The Sudanese government has no history of objecting to U.N. peacekeeping forces on its territory. It agreed as recently as January 2005 to the deployment of a 10,000-member U.N. peacekeeping force in southern Sudan to monitor implementation of a peace agreement with rebels there, and that force remains in Sudan. So what has led Khartoum to reject today what it was willing to accept just two years ago? According to Sudanese government spokesmen, it's the involvement of the ICC.
Sudan is not a party to the treaty establishing the ICC, so the only way the court could obtain jurisdiction over crimes in Darfur was to be granted such jurisdiction by the Security Council. The council took that step in March 2005.
The Bush administration supported bringing in the ICC, not least because the perpetrators of the Darfur genocide are so richly deserving of prosecution.
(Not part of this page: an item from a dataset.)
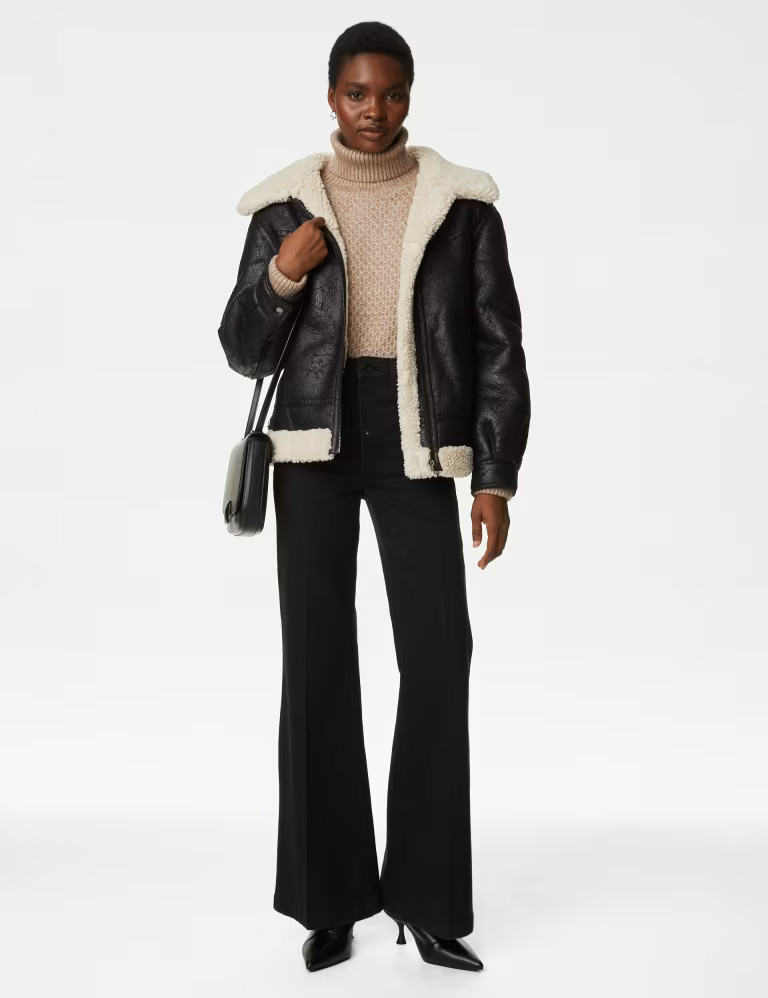Faux Shearling Aviator Jacket | Marks & Spencer (UK)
More fundamentally, the administration went along because this was the strongest action that other members of the Security Council were prepared to take at the time. The political situation mirrored that surrounding the Security Council's decision to create a war crimes tribunal for the former Yugoslavia in 1993. In both cases, the United States was pressing for resolute steps to end genocide, but other countries, particularly in Europe, were unwilling to agree to steps that might entail significant military, economic or political costs. The idea of deploying eager prosecutors rather than effective peacekeepers emerged as a low-risk compromise.
But war crimes prosecutors didn't stop genocide in Yugoslavia, and they haven't stopped it in Darfur either. To the contrary, the example of the Balkans, where U.N. peacekeepers in Bosnia and Kosovo have tracked down and arrested war crimes indictees, appears to have hardened the opposition of Sudanese officials to a U.N. force. Quite predictably, those officials are saying they're not interested in a U.N. peacekeeping force in Darfur if, as in the Balkans, it would offer them a one-way trip in handcuffs to The Hague.
Those seeking to end the genocide have naturally been seeking new ways to pressure Khartoum. Realistic options for tightening economic sanctions are few. So, having failed to recognize that it was a mistake to call in the ICC, many critics of the regime have compounded the error by trying to ratchet up the threat of ICC prosecution. This, of course, reinforces the regime's impulse to say no. Indeed, it would be hard to devise a policy better calculated to perpetuate Sudan's refusal to accept a U.N. peacekeeping force in Darfur.
If the Sudanese government ever begins to seriously consider agreeing to a U.N. force in Darfur, the first thing it is likely to seek is guarantees against the arrest and prosecution of Sudanese officials by the ICC. But it is not clear that the Security Council would be able to grant the government those guarantees should the international community be prepared to consider such a bargain. In an effort to insulate the ICC from political pressure, the treaty establishing the court seeks to make it impossible for the Security Council to permanently end ICC proceedings once they have commenced.
Should efforts to deploy a U.N. force fail and the genocide continue, options for ending the bloodshed may narrow to some sort of coalition military action. Given China's opposition, such action almost certainly would have to be carried out without Security Council authorization and would be vastly inferior to the deployment of an effective U.N. peacekeeping force.
In the analogous cases of Bosnia and Kosovo, coalition military action was in large measure U.S. military action, and the same would be true in Darfur. No matter how noble our objectives, U.S. military action without U.N. authorization against another Arab government would prove deeply unpopular in many parts of the world, and America would pay a steep political price. If this is where we end up in Darfur -- or if the genocide continues unabated because peacekeepers cannot be deployed -- there will be three culprits to blame: the bloodthirsty regime in Khartoum, the oil-thirsty government in Beijing and the U.N. Security Council's shortsighted decision to bring in the ICC.
The writer, vice president of a Washington-based government affairs and consulting firm, was an assistant secretary of state from 2002 to 2006, with responsibility for arms control, nonproliferation and international security.